A scendere in campo era Cosa Nostra – Trattativa Stato-mafia

di Enza Galluccio, autrice di testi sulle relazioni tra poteri forti e mondi criminali

Da quel che è riportato nelle motivazioni  della sentenza del processo sulla trattativa tra lo Stato e la mafia, la parola pronunciata da Giuseppe Graviano durante un’intercettazione in carcere, senza più ombra di dubbio, risulta essere “Berlusca” e non “Bravissimo”. Nel particolare, Graviano ha affermato che, quel “Berlusca” aveva chiesto una “cortesia” e, per fare questo favore a lui, la mafia avrebbe fatto le stragi con “urgenza”.

È quanto emerso dall’ascolto dell’audio, ripulito da ogni altro disturbo, che ha permesso di distinguere quell’abbreviazione (tra l’ironico e il confidenziale)  del nome dell’ex primo ministro Silvio Berlusconi.

Quindi quel Graviano, boss mafioso mai pentito, esecutore dell’attentato in via D’Amelio e delle stragi del ‘93 in tutta Italia, ha ulteriormente confermato il rapporto di scambio con la figura imprenditoriale e politica che era a capo del governo prima nel 1994-1995 (governo Berlusconi I), poi dal 2001 al 2006  (governi Berlusconi II e III) e, infine, dal 2008 al 2011 (governo Berlusconi IV) per ben tre legislature e, nonostante molti dei fatti oggi confermati dal giudizio di Palermo fossero già noti e divulgati da parecchi mezzi d’informazione (certamente non tutti) la sua forza politica è stata votata non solo dai mafiosi, ma anche da molti altri elettori.

Oggi il quadro si fa sempre più completo. In ballo c’erano anche diverse centinaia di milioni (in lire) che l’allora premier Berlusconi versava nelle casse della mafia per mezzo dell’amico fidato Dell’Utri e di Vittorio Mangano, “stalliere” di casa Arcore, i quali, più che una funzione intimidatoria avrebbero svolto un “ruolo cerniera” tra Cosa nostra e Berlusconi per l’attuazione di alcune leggi, decreti o modifica di normative preesistenti, soprattutto in campo giudiziario, in relazione alla permanenza in carcere dei mafiosi condannati e al 41 bis. Vale a dire un recupero di quell’equilibrio nei rapporti tra politici e criminali appartenenti alla mafia che si era interrotto con il maxiprocesso e con l’attuazione del “carcere duro” cui erano stati sottoposti i boss dopo via D’Amelio.
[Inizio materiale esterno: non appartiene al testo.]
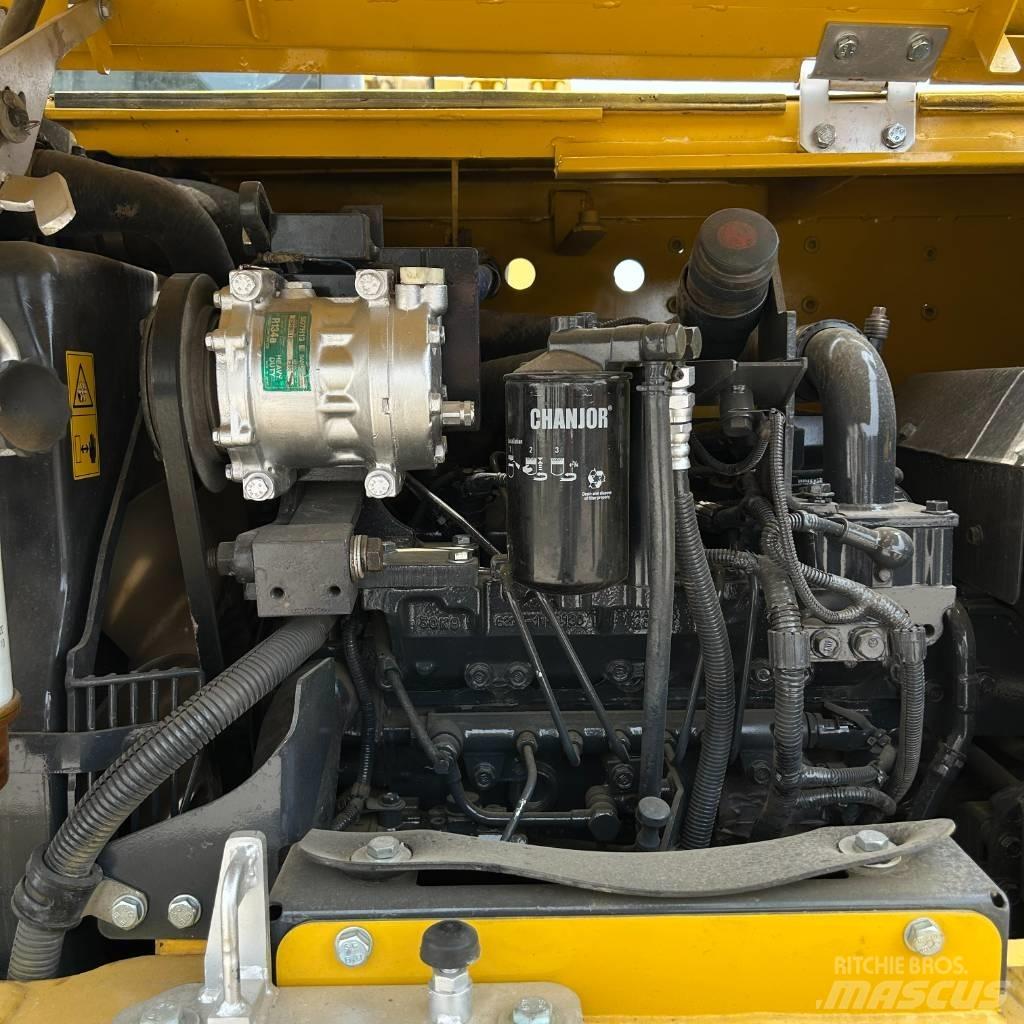 Komatsu 70-8 حفارات زحافة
Tutto si sarebbe realizzato con il “pacchetto Biondi” (come riportato anche dal pentito Giovanni Brusca) anche se l’allora ministro dell’Interno Roberto Maroni aveva affermato che il testo approvato era stato modificato dopo la lettura ufficiale, con l’inserimento di norme che agevolavano in qualche modo la mafia, così com’è stato testimoniato dallo stesso Maroni durante il processo in aula bunker. La modifica più eclatante riguardava l’obbligo di informare l’indagato delle indagini aperte sul suo conto, vanificando evidentemente ogni tipo di inchiesta, così come segnalato, allo stesso Maroni, dall’allora procuratore generale di Palermo Giancarlo Caselli. Quella segnalazione fece sì che il decreto citato fosse ritirato prima della sua conversione in legge.

Una relazione durata circa vent’anni quella tra Berlusconi e i boss mafiosi che, senza mai perdere il supporto di Dell’Utri, oltre alle leggi in ambito giudiziario, ha previsto ad esempio anche il pagamento di somme ingenti a favore di Cosa nostra per l’installazione di ripetitori televisivi in territorio siciliano.
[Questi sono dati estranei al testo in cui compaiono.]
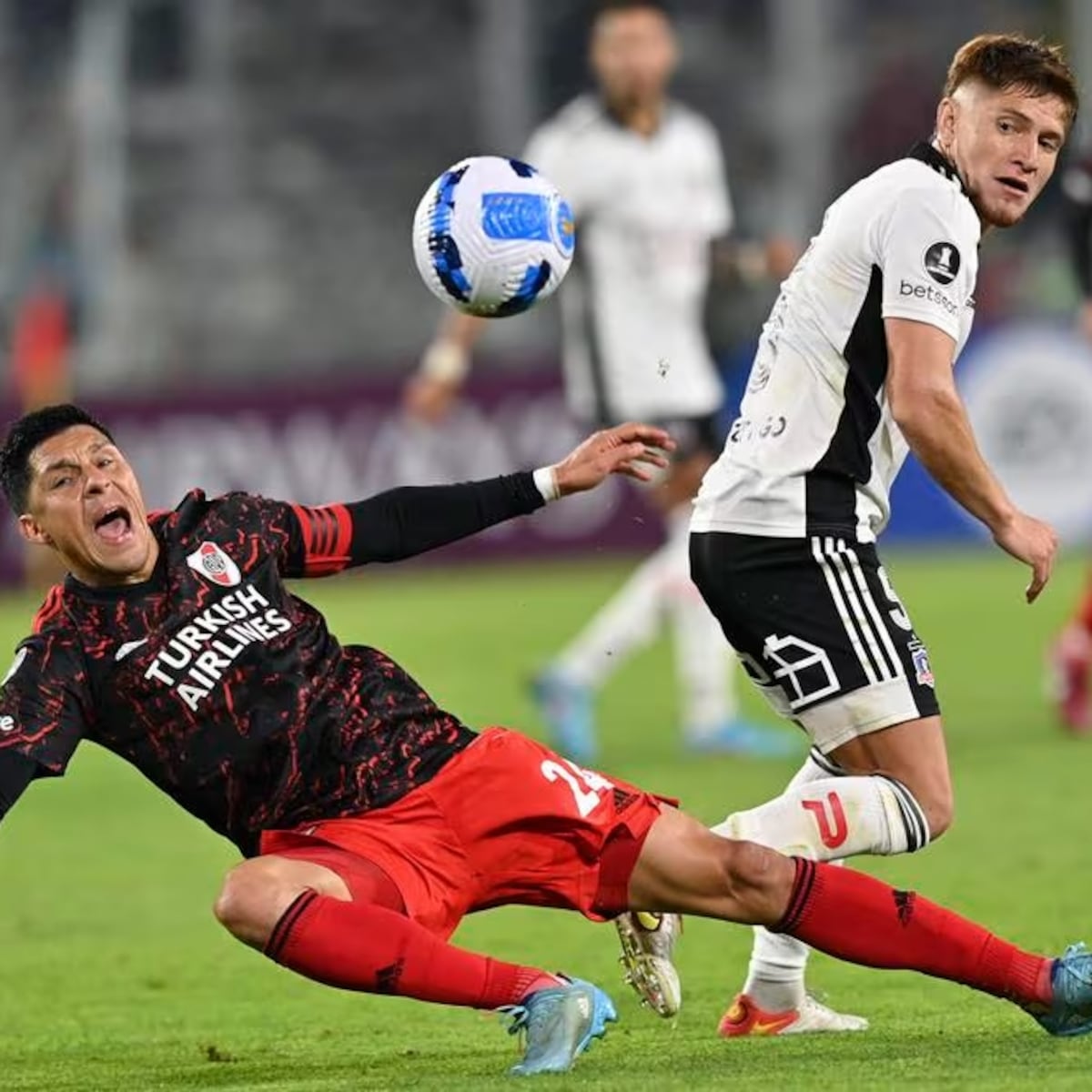 Colo Colo pide a Blanco y Negro presionar por jugar sin hinchada visitante ante River Plate Colo Colo pide a Blanco y Negro presionar por jugar sin hinchada visitante ante River Plate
A questo punto, dopo la lettura di quanto trascritto nelle motivazioni della sentenza di Palermo, è possibile affermare che quella relazione è stata un vero e proprio rapporto di scambio tra corrotti e corruttori, tra esecutori e mandanti di stragi.

Dall’ottobre del 2017, Marcello Dell’Utri e Silvio Berlusconi sono indagati dalla Procura di Firenze come presunti mandanti (ma non i soli) delle stragi di mafia. Il primo, già pluricondannato per concorso esterno in associazione mafiosa e per violenza e minaccia a corpo politico dello Stato, ha appena ottenuto gli arresti domiciliari. Il secondo è grande attore nell’attualità politica, continua a proporre il suo partito ad ogni tornata elettorale ed è stato regolarmente ricevuto da ogni presidente della Repubblica per le normali consultazioni post-elettorali.